Fala, Marieta

Exílio, Chico Buarque, drogas, rotina, casamento, separação, ditadura, maternidade, culpa, Carlinhos Brown. Invadimos a privacidade (com consentimento) de Marieta Severo

por Milly Lacombe em

A entrevista poderia ter sido uma catástrofe, a pior entrevista da história das entrevistas: que tipo de repórter idiota perguntaria a Marieta Severo se é verdade que ela ainda tem conta conjunta com o ex-marido Chico Buarque?

Eu.

Eu, que fui gentilmente convidada pela própria Marieta a entrar em sua sala, puxada pela anfitriã pelo braço para ver a espetacular vista da varanda de sua casa na Gávea – com direito a Rocinha, Lagoa e muito mais.

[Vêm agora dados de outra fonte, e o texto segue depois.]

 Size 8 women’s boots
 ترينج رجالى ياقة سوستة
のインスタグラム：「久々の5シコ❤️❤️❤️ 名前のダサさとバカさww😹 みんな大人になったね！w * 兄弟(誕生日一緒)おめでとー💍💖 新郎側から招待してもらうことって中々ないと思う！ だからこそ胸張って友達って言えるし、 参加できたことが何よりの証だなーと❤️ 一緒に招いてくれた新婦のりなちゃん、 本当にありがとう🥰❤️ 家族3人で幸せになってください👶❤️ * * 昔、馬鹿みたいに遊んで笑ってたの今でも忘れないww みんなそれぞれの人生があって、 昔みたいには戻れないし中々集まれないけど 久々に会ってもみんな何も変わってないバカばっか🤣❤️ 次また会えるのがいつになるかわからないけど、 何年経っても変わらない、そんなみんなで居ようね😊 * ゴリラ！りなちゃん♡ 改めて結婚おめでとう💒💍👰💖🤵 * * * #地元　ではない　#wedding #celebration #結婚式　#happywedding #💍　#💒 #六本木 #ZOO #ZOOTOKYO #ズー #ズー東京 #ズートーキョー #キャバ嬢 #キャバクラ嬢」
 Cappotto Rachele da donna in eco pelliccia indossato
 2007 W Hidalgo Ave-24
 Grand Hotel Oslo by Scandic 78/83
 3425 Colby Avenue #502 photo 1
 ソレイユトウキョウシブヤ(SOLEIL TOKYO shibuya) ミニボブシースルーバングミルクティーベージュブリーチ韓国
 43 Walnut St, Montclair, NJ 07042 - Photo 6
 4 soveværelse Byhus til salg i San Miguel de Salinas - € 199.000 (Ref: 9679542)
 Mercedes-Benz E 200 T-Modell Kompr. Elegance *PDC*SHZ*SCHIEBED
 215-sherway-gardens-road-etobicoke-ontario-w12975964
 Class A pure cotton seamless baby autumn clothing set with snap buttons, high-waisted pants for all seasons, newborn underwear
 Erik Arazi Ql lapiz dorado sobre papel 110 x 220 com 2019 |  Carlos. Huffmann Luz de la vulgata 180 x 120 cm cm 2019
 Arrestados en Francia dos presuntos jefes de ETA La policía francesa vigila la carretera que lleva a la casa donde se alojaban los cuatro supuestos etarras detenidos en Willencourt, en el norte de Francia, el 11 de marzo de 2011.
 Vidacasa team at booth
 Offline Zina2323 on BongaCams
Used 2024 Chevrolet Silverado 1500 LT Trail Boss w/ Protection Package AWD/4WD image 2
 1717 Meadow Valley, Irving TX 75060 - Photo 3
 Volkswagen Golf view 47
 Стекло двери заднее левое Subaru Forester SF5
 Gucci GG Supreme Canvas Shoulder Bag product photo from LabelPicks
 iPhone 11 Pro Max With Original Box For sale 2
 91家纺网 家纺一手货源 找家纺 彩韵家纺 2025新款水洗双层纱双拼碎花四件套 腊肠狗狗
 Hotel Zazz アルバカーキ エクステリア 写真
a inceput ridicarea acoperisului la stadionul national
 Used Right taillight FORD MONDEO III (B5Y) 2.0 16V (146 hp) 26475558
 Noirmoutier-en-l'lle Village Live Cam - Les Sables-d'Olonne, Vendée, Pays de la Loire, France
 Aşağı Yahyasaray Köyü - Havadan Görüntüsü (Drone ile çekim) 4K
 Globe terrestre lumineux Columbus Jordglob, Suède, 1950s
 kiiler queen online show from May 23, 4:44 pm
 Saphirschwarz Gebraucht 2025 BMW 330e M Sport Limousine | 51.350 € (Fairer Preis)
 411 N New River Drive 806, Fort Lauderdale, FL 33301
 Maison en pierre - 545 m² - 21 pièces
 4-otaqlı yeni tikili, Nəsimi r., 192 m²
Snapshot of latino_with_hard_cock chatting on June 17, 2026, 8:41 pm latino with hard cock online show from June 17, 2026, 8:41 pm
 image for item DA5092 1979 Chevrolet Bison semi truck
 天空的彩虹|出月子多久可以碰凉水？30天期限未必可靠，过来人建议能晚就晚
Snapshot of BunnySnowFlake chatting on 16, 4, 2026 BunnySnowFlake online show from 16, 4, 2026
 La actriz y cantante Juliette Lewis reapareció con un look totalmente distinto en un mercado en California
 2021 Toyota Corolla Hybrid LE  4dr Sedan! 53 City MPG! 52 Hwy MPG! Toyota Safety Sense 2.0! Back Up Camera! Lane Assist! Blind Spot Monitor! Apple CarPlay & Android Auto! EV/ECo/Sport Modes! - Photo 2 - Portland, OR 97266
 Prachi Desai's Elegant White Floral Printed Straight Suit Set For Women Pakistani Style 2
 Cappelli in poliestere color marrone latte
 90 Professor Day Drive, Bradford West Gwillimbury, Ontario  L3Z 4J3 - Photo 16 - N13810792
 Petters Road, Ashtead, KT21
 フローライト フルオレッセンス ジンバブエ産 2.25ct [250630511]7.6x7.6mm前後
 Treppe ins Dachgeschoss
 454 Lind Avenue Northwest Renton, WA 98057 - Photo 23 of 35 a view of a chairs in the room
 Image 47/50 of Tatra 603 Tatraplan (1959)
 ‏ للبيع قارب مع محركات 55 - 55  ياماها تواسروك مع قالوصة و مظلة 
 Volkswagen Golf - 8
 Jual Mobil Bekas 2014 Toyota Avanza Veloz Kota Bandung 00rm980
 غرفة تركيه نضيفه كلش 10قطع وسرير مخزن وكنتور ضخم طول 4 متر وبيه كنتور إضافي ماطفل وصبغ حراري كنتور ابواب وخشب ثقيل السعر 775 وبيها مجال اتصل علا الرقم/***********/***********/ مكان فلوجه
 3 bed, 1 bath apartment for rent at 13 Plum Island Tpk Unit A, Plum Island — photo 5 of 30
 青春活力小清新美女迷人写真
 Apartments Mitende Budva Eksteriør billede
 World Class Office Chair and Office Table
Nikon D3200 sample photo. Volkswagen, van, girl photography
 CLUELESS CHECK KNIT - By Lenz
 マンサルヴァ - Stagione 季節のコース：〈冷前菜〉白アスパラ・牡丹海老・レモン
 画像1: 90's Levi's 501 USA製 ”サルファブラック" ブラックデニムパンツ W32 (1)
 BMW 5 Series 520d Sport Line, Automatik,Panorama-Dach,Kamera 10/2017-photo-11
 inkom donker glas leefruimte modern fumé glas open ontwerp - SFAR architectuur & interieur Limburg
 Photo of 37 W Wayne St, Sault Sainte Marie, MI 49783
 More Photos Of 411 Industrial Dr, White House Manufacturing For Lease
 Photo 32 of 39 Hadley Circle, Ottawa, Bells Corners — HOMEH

Eu, que fui por ela servida de café e salgadinhos e sentei em seu sofá, de frente para vários porta-retratos onde se eternizam momentos-família dos Severo-Buarque de Holanda: Marieta, Chico, as três filhas (Silvia, 35, Helena, 33, e Luísa, 29) e os três netos (Francisco, 8, e Clara, 6 – de Helena –, e Lia, 2, de Luísa). Eu, que sei tão bem quanto você que Marieta não é dada a entrevistas, que gosta de preservar sua vida pessoal, que não aceita falar de intimidades e, sobretudo, que odeia falar publicamente de Chico – isso, mesmo quando eram casados.

Acontece que um dos pré-requisitos do bom jornalismo é perguntar tudo o que for relevante para que o leitor possa entender melhor quem está sendo retratado. É preciso fazer o entrevistado se sentir à vontade e só aí entrar em áreas desconfortáveis e dar o bote que diferencia grandes entrevistas das café-com-leite. Quando o papo está uma delícia, como era o caso, fazer isso é ainda mais difícil.  

Marieta Severo da Costa, 58 anos, é uma de nossas melhores e mais prolíficas atrizes. São mais de 30 filmes, seis novelas e 50 peças, sem contar sua participação como dona Nenê no seriado global A Grande Família. Nasceu em família de classe média e tradicional, em 2 de novembro de 1946. Como qualquer garota de sua época, vivia na praia, estatelada ao sol. Como poucas garotas de sua época, tinha Antônio Pitanga como companheiro de frescobol. E se acabava de dançar ao lado de Nelson Motta, Edu Lobo, Dori Caymmi, Leila Diniz – todos adolescentes ainda virgens de fama. A vida seguia em ritmo de sol, mar, banquinho e violão até que Marieta, que aos 18 anos cursava magistério para virar professora primária, entrou por acaso no Tablado (escola de teatro) durante o ensaio de uma peça e ficou encantada com a arte de representar. Convenceu o pai, um desembargador mineiro muito sério, de que ser atriz era uma profissão como outra qualquer e foi à luta.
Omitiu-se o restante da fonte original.